Il est essentiel pour moi d’utiliser mon image pour m’exprimer. Adolescent, j’avais les cheveux très blonds et je m’habillais de manière très excentrique, parce que j’expérimentais, je cherchais à comprendre ce que je voulais projeter. Aujourd’hui, j’ai besoin d’habiter les vêtements que je crée. Je les essaie toujours sur moi. J’aime aussi les voir sur des corps qui ne sont pas ceux des mannequins, avec d’autres morphologies, comme celle de ma mère. Quand j’ai lancé ma marque, elle était mon modèle cabine.
La saison dernière, tu as présenté ta ligne masculine séparément lors du Pitti Uomo, à Florence. Pourquoi ?
Je n’ai jamais souhaité séparer le vestiaire masculin du vestiaire féminin. Selon moi, toutes les pièces peuvent être portées par toutes et tous. Mais la réalité commerciale en décide autrement : les boutiques classent ma collection du côté femme. Être invité au Pitti Uomo pour présenter uniquement la collection masculine a été très fort symboliquement. Cela signifiait que ces vêtements pouvaient aussi exister pleinement dans un contexte masculin.
Tu as travaillé pour Jonathan Anderson, chez Loewe, ainsi qu’avec les sœurs Olsen, chez The Row. Qu’as-tu appris de ces expériences ?

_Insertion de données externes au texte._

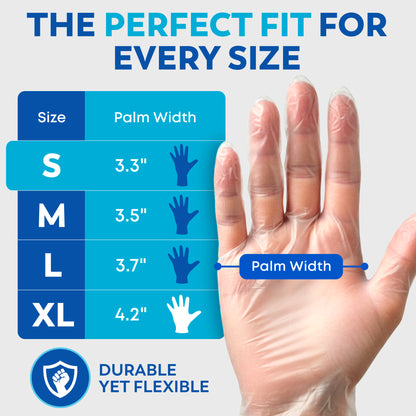 Clear Vinyl Disposable Gloves – 110 Count | Latex-Free, BPA-Free Food Prep Gloves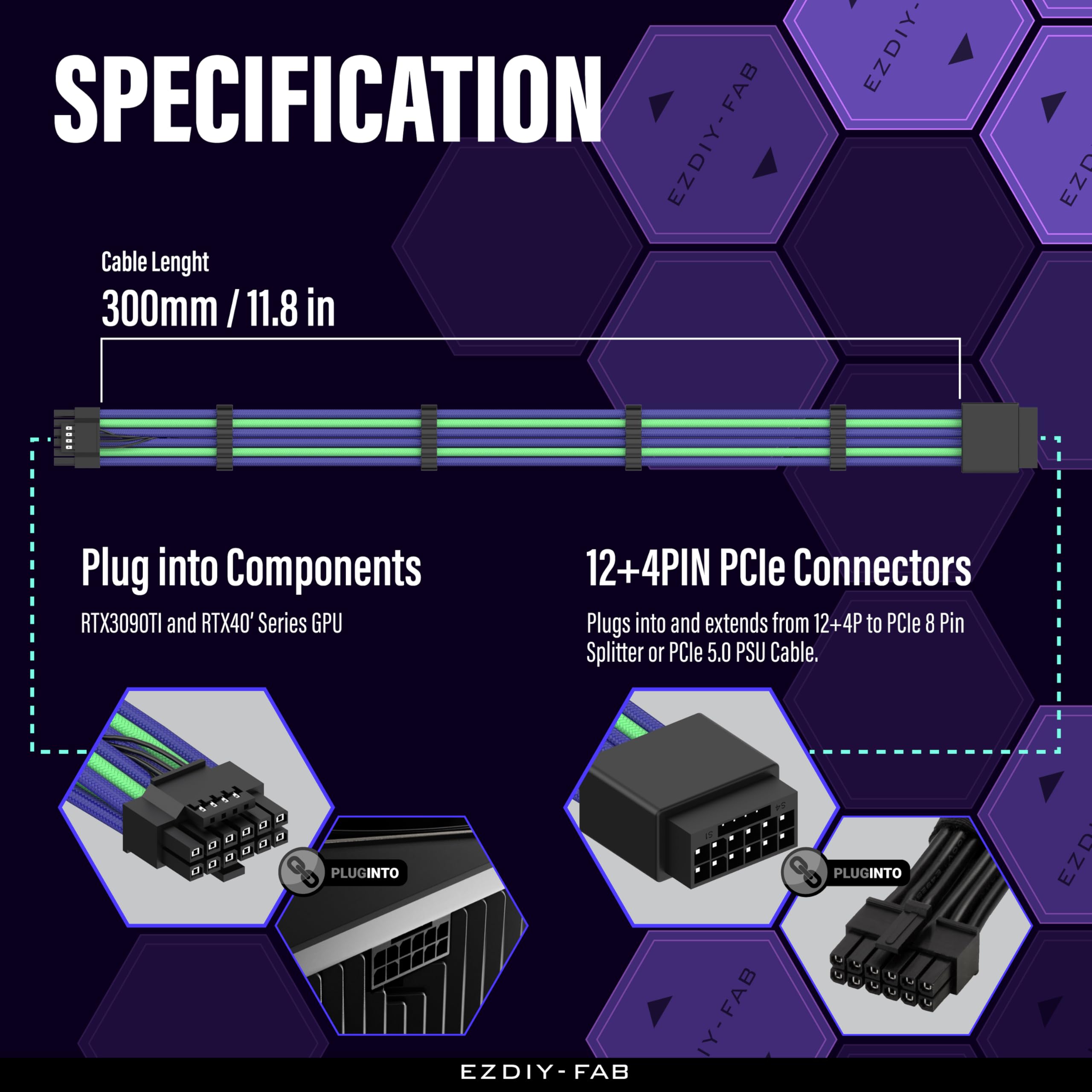Ezdiy Fab Gpu Power Sleeved Cable Extension, 16Pin(12+4) 12Vhpwr Pcie 5.0 Connector Male To Female For Rtx4070Ti Super, 4080 Sup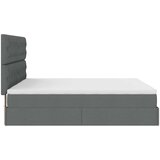 vidaXL Otomanski posteljni okvir z vzmetnicami siv 200x200 cm blago | Shoptok.si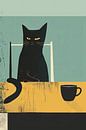Kat en koffie van Poster Art Shop thumbnail
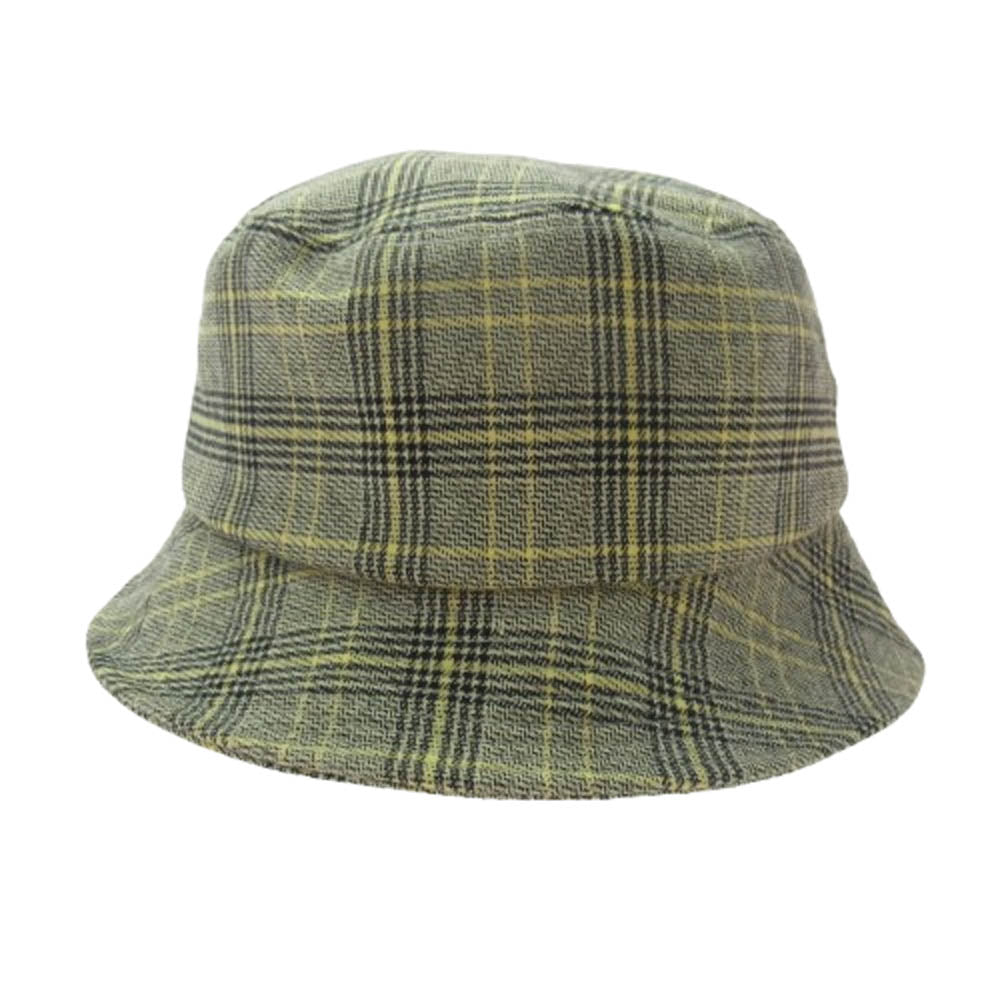 STUSSY ステューシー チェック柄 バケットハット 帽子 ベージュ系 イエロー系 ブラック系 L/XL【中古】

J’ai passé huit mois chez The Row, à New York, avant d’intégrer Central Saint Martins, à Londres. À l’époque, la marque était encore confidentielle et produisait localement. J’allais dans les ateliers avec les prototypes pour expliquer avec précision comment les collections et leurs finitions devaient être réalisées. Chez Loewe, l’expérience était différente. Un chasseur de têtes avait repéré ma collection de fin d’études, proche de l’univers de Jonathan Anderson, et m’avait alors proposé un poste. Je travaillais sur des capsules spéciales et la ligne Paula’s Ibiza. C’était un travail très créatif : nous partions d’un brief pour imaginer des solutions. Jonathan venait aux essayages pour apporter son regard.
À quel moment as-tu su que tu voulais lancer ta propre marque ?

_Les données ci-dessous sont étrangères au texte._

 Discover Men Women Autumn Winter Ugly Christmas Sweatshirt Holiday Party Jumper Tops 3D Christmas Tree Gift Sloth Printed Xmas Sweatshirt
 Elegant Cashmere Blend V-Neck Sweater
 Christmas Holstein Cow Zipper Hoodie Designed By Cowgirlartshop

À Central Saint Martins, mes professeurs m’encourageaient à me lancer et j’ai été invité à présenter ma collection de fin d’études à la Fashion Week de Londres. Cette idée ne m’a jamais quitté ; elle est même devenue obsédante. J’avais besoin d’exprimer pleinement ma vision. C’était en pleine crise du Covid, pas le moment idéal pour créer une entreprise. Mais je ne me voyais pas faire autre chose. Puis, mon père est tombé malade, et j’ai ressenti le besoin d’être plus présent pour lui et de me rapprocher de la Toscane.
Tes collections sont produites en Italie et comportent une dimension artisanale très forte. Pourquoi est-ce si important pour toi ?

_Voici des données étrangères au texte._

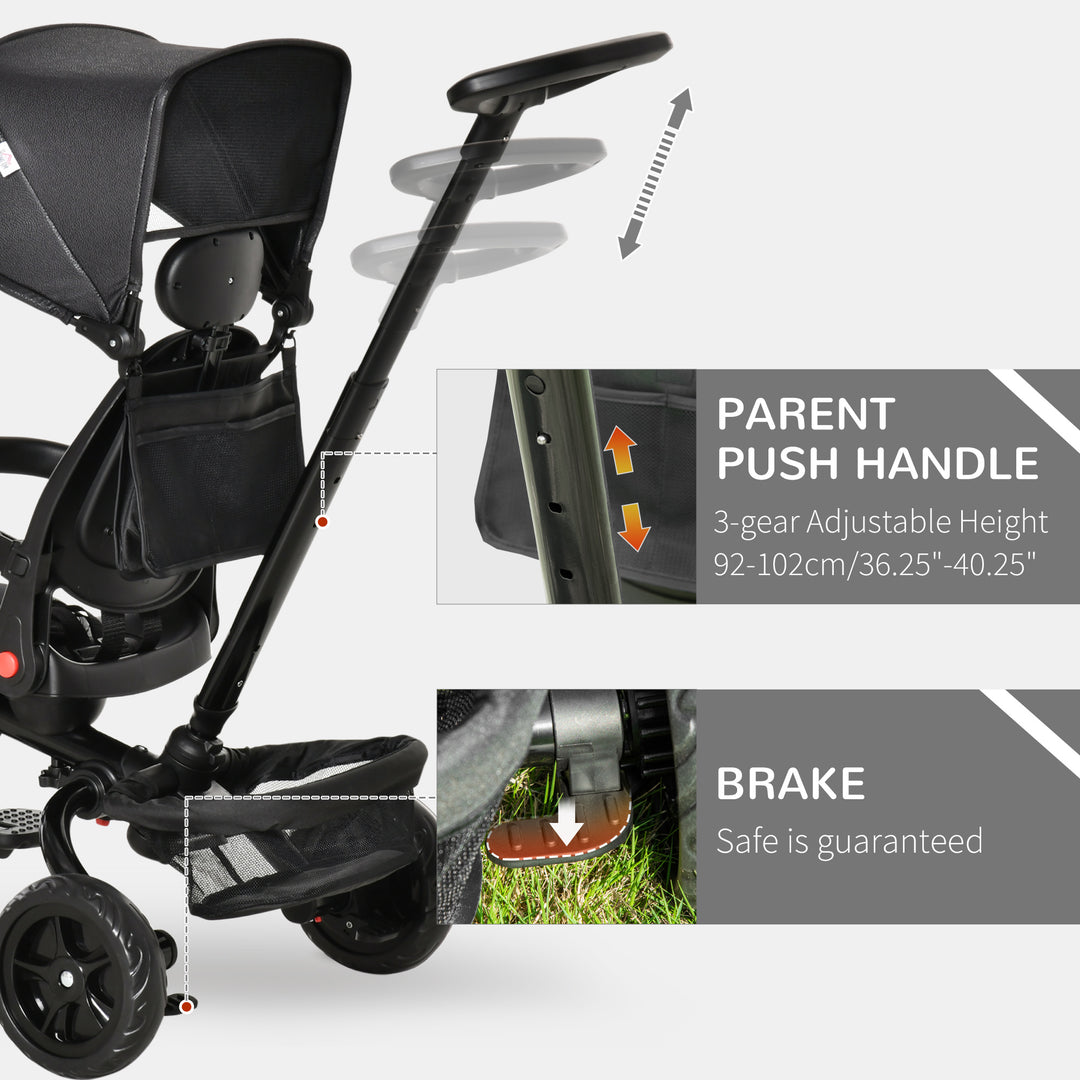 4 in 1 Baby Tricycle Toddler Stroller Foldable Pedal Tricycle w/ Reversible Angle Adjustable Seat Removable for 1-5 Years - Black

Dès le début, nous avons collaboré avec des artisans locaux, notamment pour les bijoux et les accessoires, mais aussi pour certains vêtements. Dans chaque collection, on trouve des éléments réalisés à la main : des tricots, des tissages, du cuir tressé… La Toscane est riche de ces savoir-faire qui disparaissent peu à peu.
Tes défilés sont toujours très poétiques, parfois enrichis d’une dimension olfactive. Pourquoi les fragrances comptent-elles autant pour toi ?
Je suis profondément attaché aux parfums, parce qu’ils ajoutent une dimension invisible au monde. Un défilé est un moment suspendu, et le parfum en prolonge l’émotion. J’ai utilisé Basilico & Fellini, de Vilhelm Parfumerie, pour sa sensualité italienne, puis Baie 19, du Labo, pour la dernière collection : sa fraîcheur presque minérale faisait écho à la pureté des silhouettes. La mode, selon moi, consiste à construire un univers complet, qui mobilise tous les sens.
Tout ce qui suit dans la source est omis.